• [Your assignment] Omit all pictures, then retype the data exactly as given.

• [Dataset items]
# # # # #

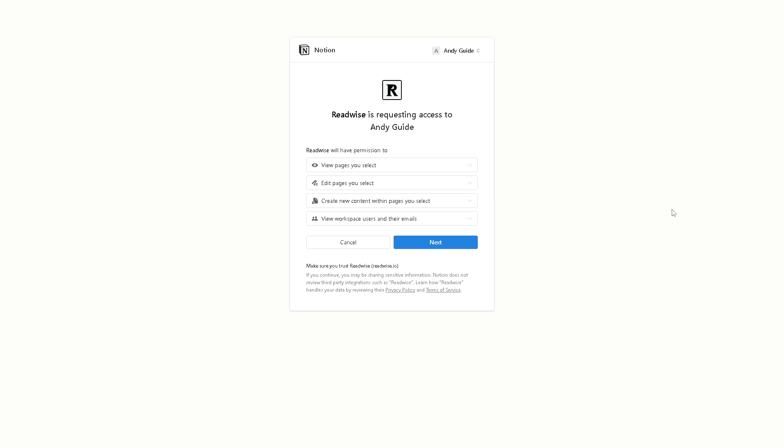And from here, as you can see, Readwise is requesting access to your guide. Readwise will have permission to view pages you select, edit pages you select and create new content within pages you select. You can also view the workspace users and their emails. All you have to do is click on Next.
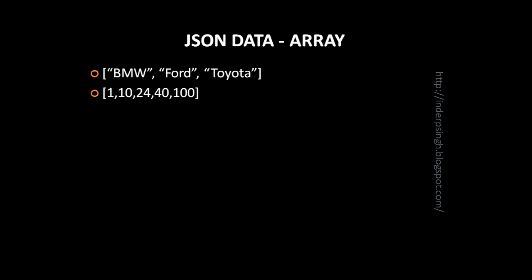the values which are strings are separated by commas. Another data example of array is an array of integers. Again, it starts with a left square bracket and it ends with a right square bracket. And here the values are integers which are again separated by commas.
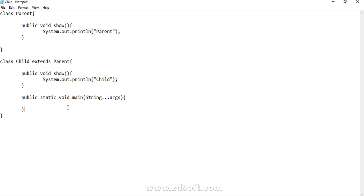Hey guys, welcome to Tech Learnings. Today we are going to talk about a concept of Java which I think everyone is familiar with — the concept is method overriding. Recently I have been part of certain interviews and I found that some knowledge of this concept is probably missing. Basic understanding is there, but when asked in a bit more depth, people find it tough to answer.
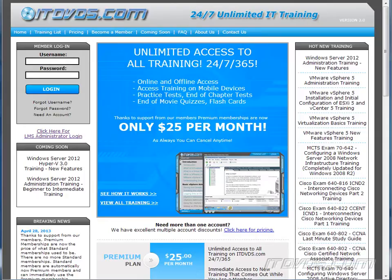This is just a sample of the training available at itdvds.com. To see complete training, please go to itdvds.com. Let's begin the sample.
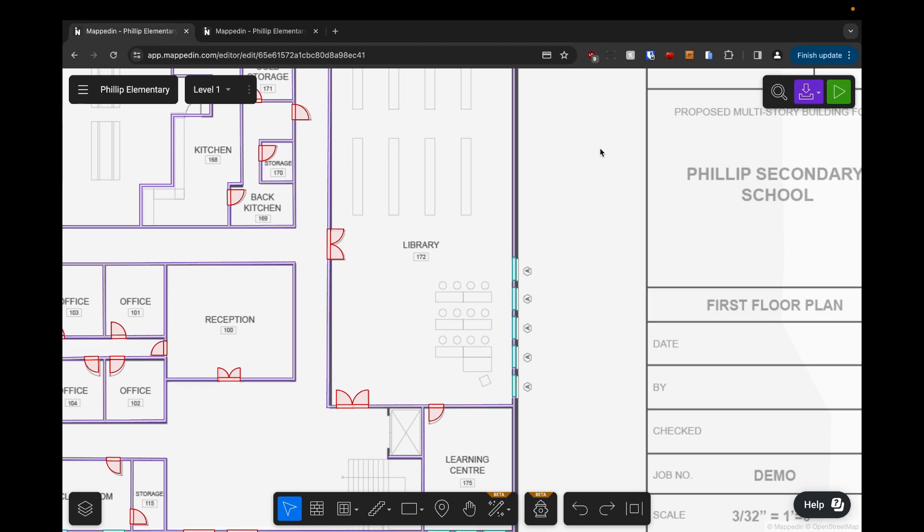In this video we're going to add points to our map. So a point is essentially a general location. In our editor you can name rooms, entrances, objects, things like that, but sometimes you're going to need to be able to add just something general to the map to denote an area or something that maybe a room can't cover.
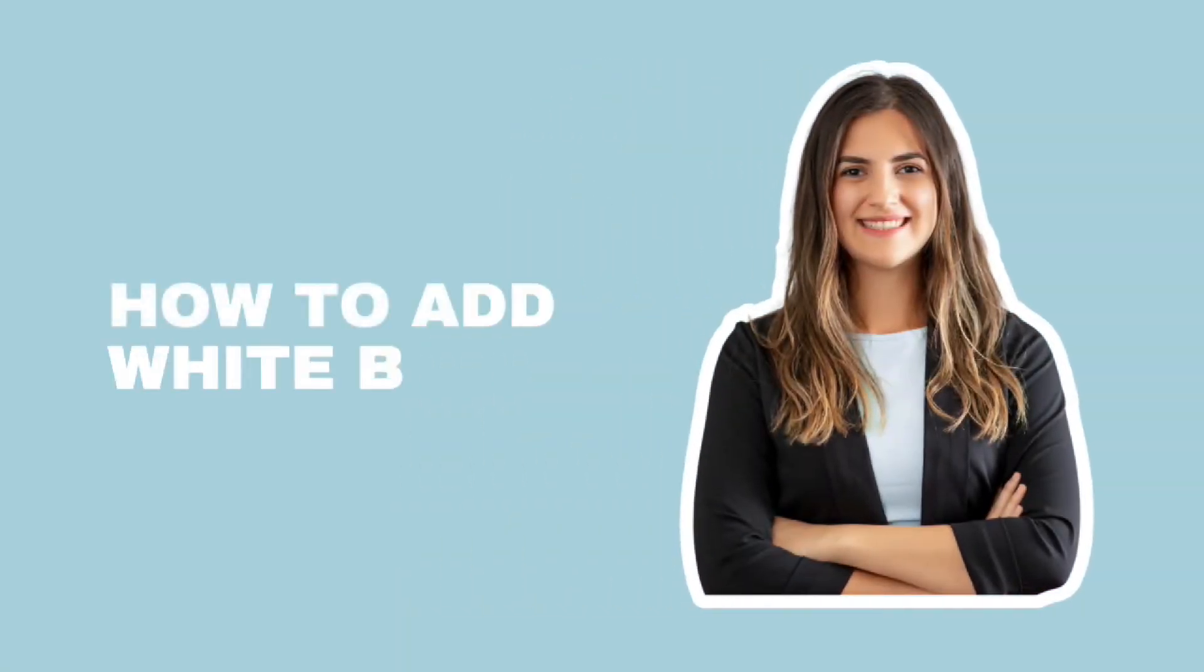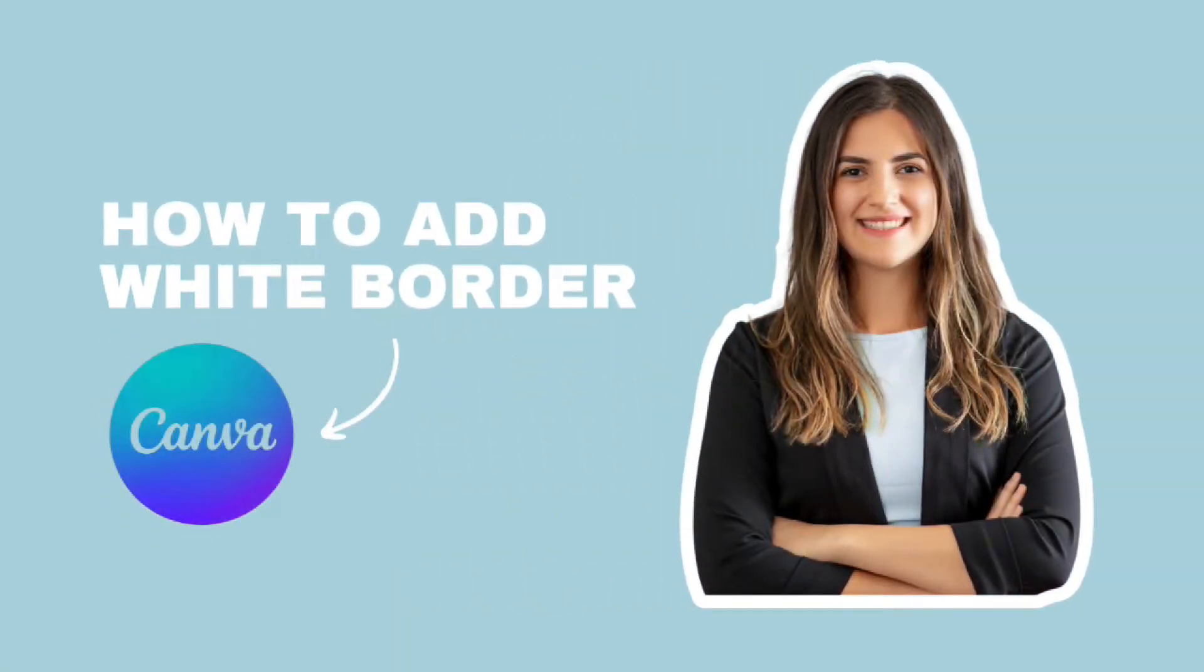Welcome back to my channel. Today, we're going to learn how to add a white border to any image using Canva. It's super easy. Let's get started.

# # # # #

• [Task solution]
And from here, as you can see, Readwise is requesting access to your guide. Readwise will have permission to view pages you select, edit pages you select and create new content within pages you select. You can also view the workspace users and their emails. All you have to do is click on Next.
the values which are strings are separated by commas. Another data example of array is an array of integers. Again, it starts with a left square bracket and it ends with a right square bracket. And here the values are integers which are again separated by commas.
Hey guys, welcome to Tech Learnings. Today we are going to talk about a concept of Java which I think everyone is familiar with — the concept is method overriding. Recently I have been part of certain interviews and I found that some knowledge of this concept is probably missing. Basic understanding is there, but when asked in a bit more depth, people find it tough to answer.
This is just a sample of the training available at itdvds.com. To see complete training, please go to itdvds.com. Let's begin the sample.
In this video we're going to add points to our map. So a point is essentially a general location. In our editor you can name rooms, entrances, objects, things like that, but sometimes you're going to need to be able to add just something general to the map to denote an area or something that maybe a room can't cover.
Welcome back to my channel. Today, we're going to learn how to add a white border to any image using Canva. It's super easy. Let's get started.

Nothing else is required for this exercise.